GATE-2018 (24) :Wyllie – Time average equation

 

Q)  A wave component with a wavelength of 100m propagates through a homogeneous medium from a seismic source at the bottom of a borehole. Between two detectors, located in Boreholes at radial distances of 1 km and 2 km from the source, the wave amplitude is found to be attenuated by 10 dB. Calculate the contribution of geometrical spreading to this value of attenuation and thus determine the absorption coefficient of the medium.
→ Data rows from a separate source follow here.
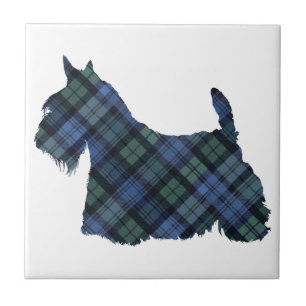 Scottish Terrier Tartan Silhouette Ceramic Tile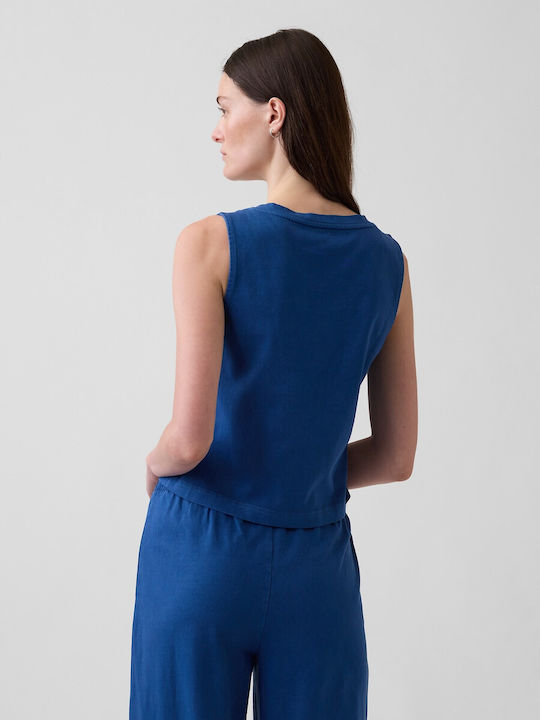 Women's Cotton Sleeveless Blue Crop Top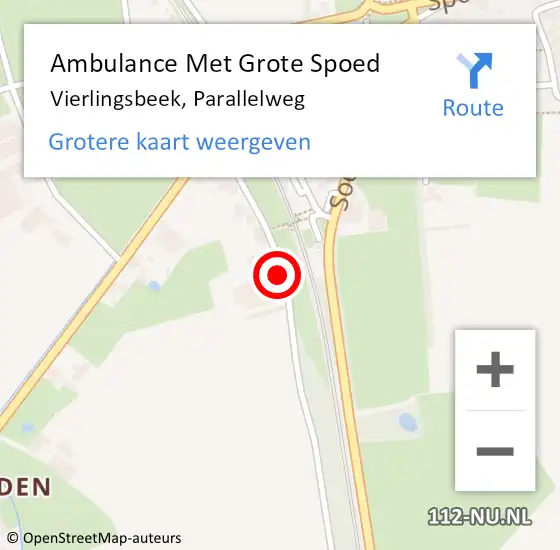 Locatie op kaart van de 112 melding: Ambulance Met Grote Spoed Naar Vierlingsbeek, Parallelweg op 1 maart 2016 06:36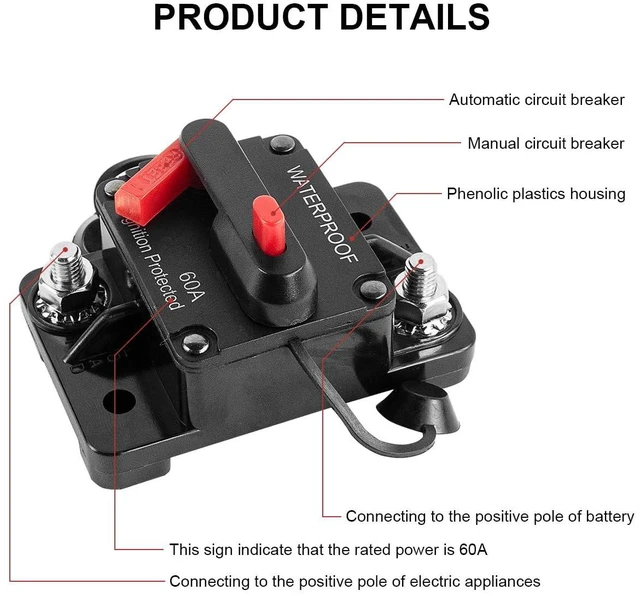 Alt view image 2 of 7 - 2PCS 60Amp Marine Circuit Breaker DC 12V-48V with Inline Fuse Manual Reset Water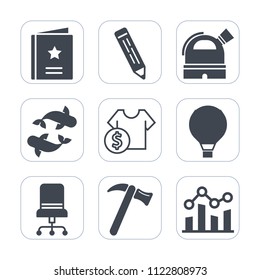 Premium outline, fill icons set on white background . Such as finance, jump, food, price, comfortable, white, tool, parachute, sale, astronomy, want, wrench, cost, parachuting, fish, furniture, graph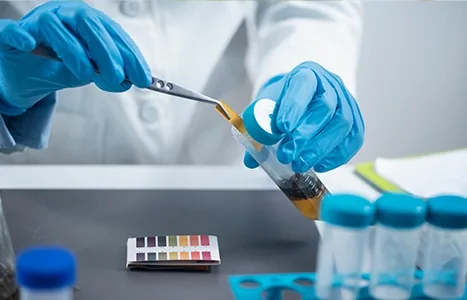 Scientist testing an agrochemical sample with pH strips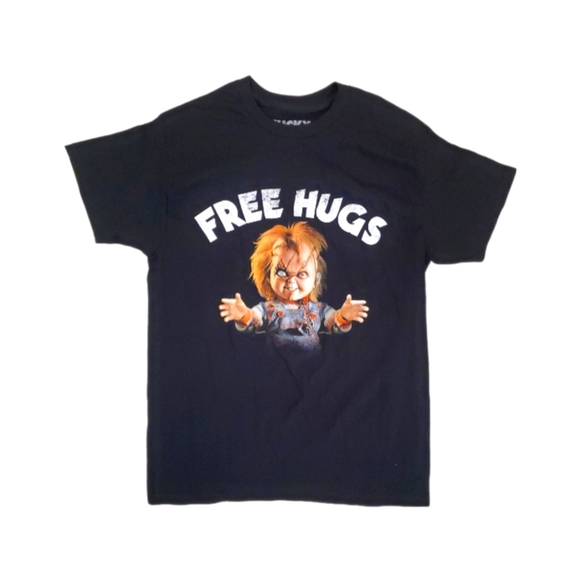Chucky Adult‎ Black Free Hugs Short Sleeve Horror T-Shirt Medium - Picture 1 of 5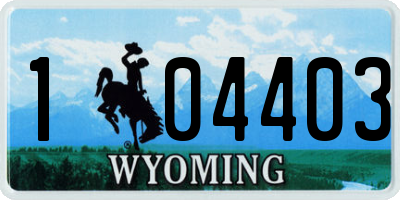 WY license plate 104403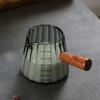 Glass Coffee Mug Mini Milk Jug Espresso Cup Cooker Tea Pot Coffee Maker Jar Wood Handle Measuring Tools Kitchen Home Accessories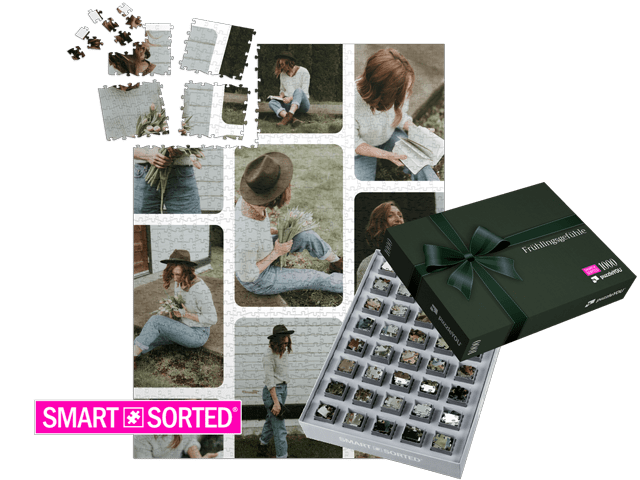 Überraschungspuzzle zu Ostern - Geschenkschachtel Geschenkschleife grün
(Thanks to Chandrasekhar, ANU)

  Solution:  

Given that wave length (ʎ) =100m

Amplitude attenuated by 10 dB

Radial distances $r_{1}$=1km

                        $r_{2}$=2 km

We know that $dB = 20 \log_{10}({\frac{A_{1}}{A_{2}})}$----------(1)
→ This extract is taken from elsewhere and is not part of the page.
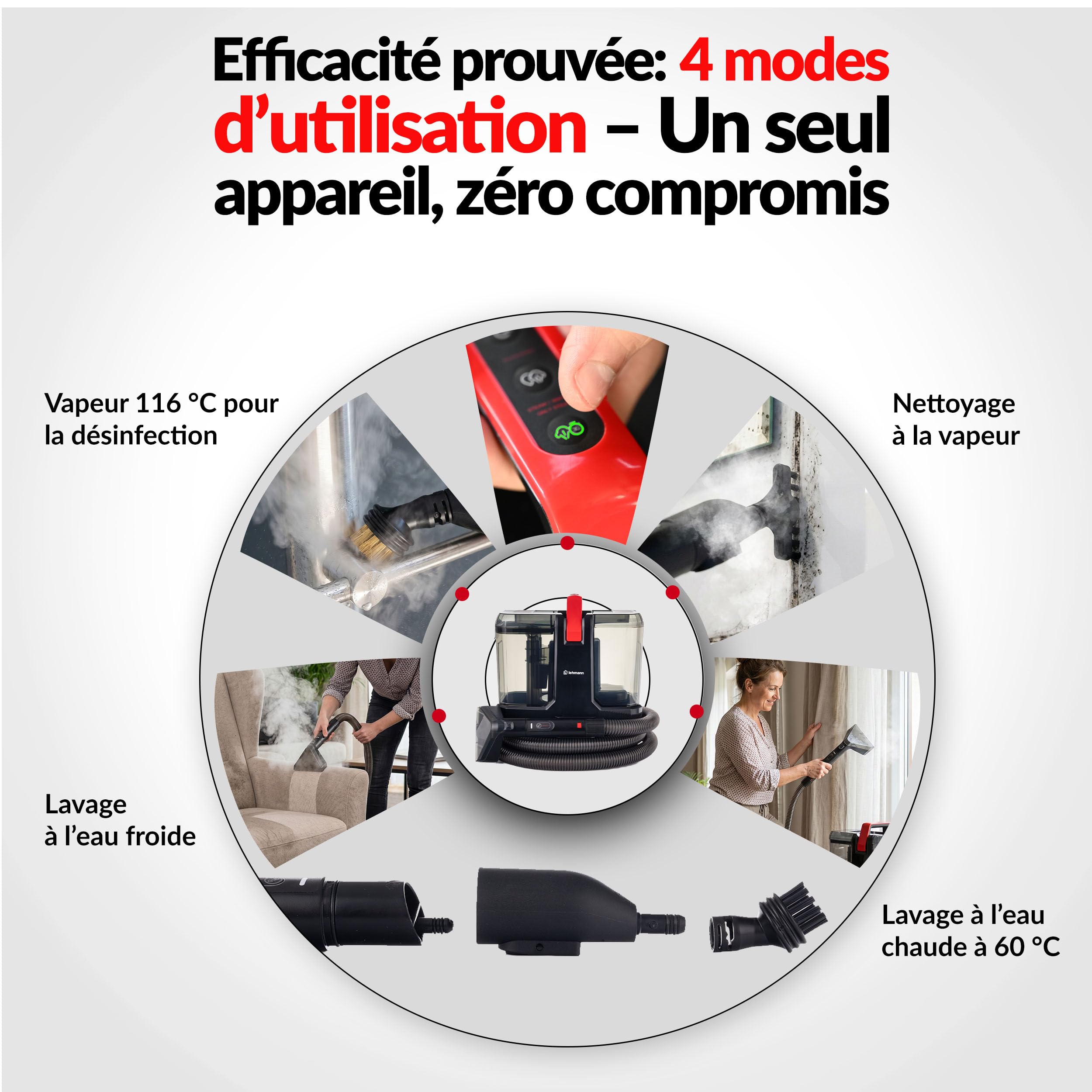 LEHMANN SteamWash 1800 - Nettoyeur Vapeur 4 en 1 & Aspirateur Injecteur Extracteur, Nettoyeur à Main Portable Canapé, Tapis, Voiture, Eau Chaude 60°C, Vapeur 116°C, 16 kPa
$dB = 20 \log_{10}({\frac{A_{1}}{A_{2}})}$

  From,

  $Energy \propto \frac{1}{radius(r)^{2}}$

   $we get  Amplitude(A) \propto \frac{1}{radius(r)}$  

    There fore

    $Amplitude(A_1) = \frac{1}{radius(r_1)}=\frac{1}{1}$

     $Amplitude(A_2) = \frac{1}{radius(r_2)}=\frac{1}{2}$

Substitute these values in equation (1) we get

$dB = 20 \log_{10}({\frac{A_{1}}{A_{2}})}$

$dB = 20 \log_{10}({\frac{1/1}{1/2})}$

$dB = 20 \log_{10}(2)$

$dB = 20 \times 0.3010$

$dB = 6$

 To get the contribution of the geometrical spreading we have to subtract this effect from the actual value

 i.e. 10dB-6dB= 4 dB is the contribution of the geometrical spreading.

Then the 1000 m ----4 dB

For 10 m ----?(let some X)

Therefore

$1000\times X =4\times 100$

$X=\frac{400}{1000}$

$X=0.4 dB/\lambda$

 

 

 

Reference:

An Introduction to Geophysical Exploration by Philip Kearey, Michel Brooks and Ian Hill.